■ **Task to complete**: Could you give the data that follows again exactly, without its pictures?

■ **Dataset excerpt**:

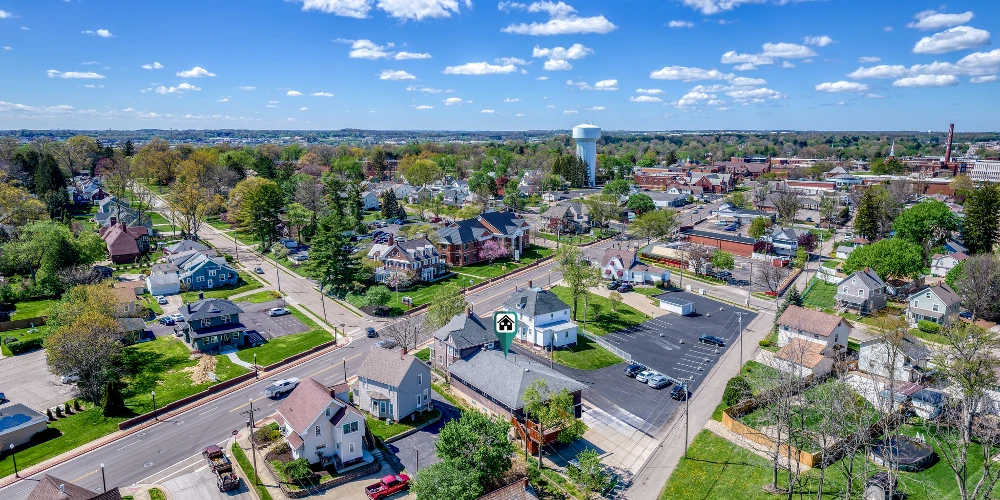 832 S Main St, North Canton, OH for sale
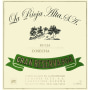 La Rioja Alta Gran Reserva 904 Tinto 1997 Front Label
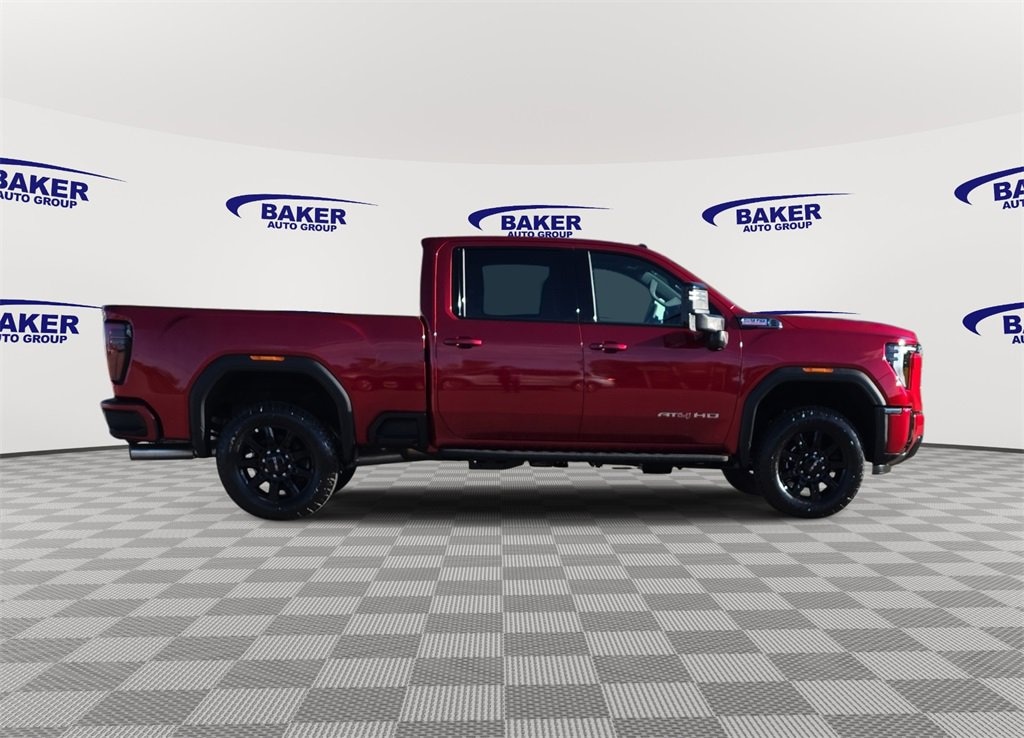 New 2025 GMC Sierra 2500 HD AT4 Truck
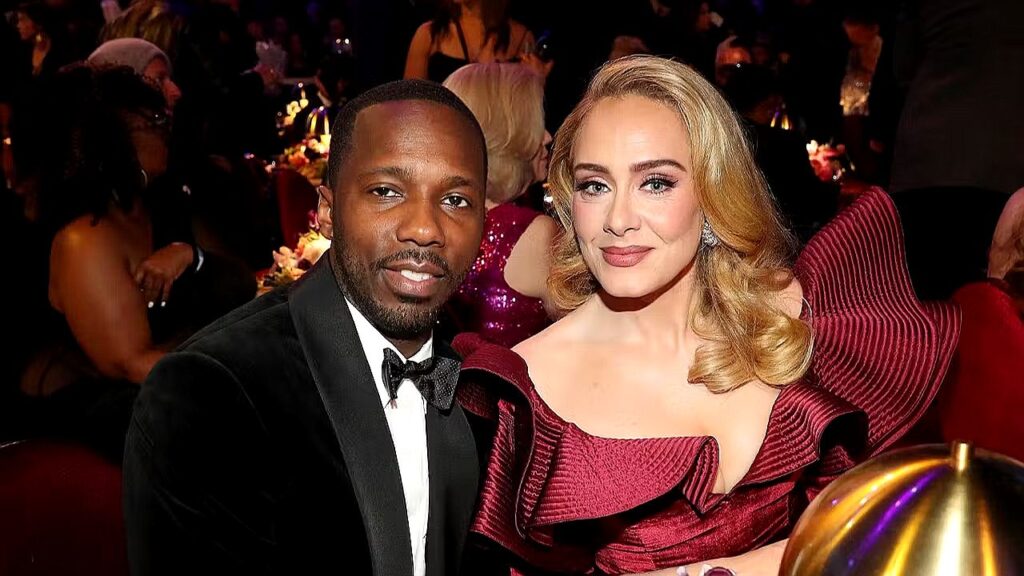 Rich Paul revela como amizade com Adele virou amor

■ **Response to this exercise**:
 832 S Main St, North Canton, OH for sale
 La Rioja Alta Gran Reserva 904 Tinto 1997 Front Label
 New 2025 GMC Sierra 2500 HD AT4 Truck
 Rich Paul revela como amizade com Adele virou amor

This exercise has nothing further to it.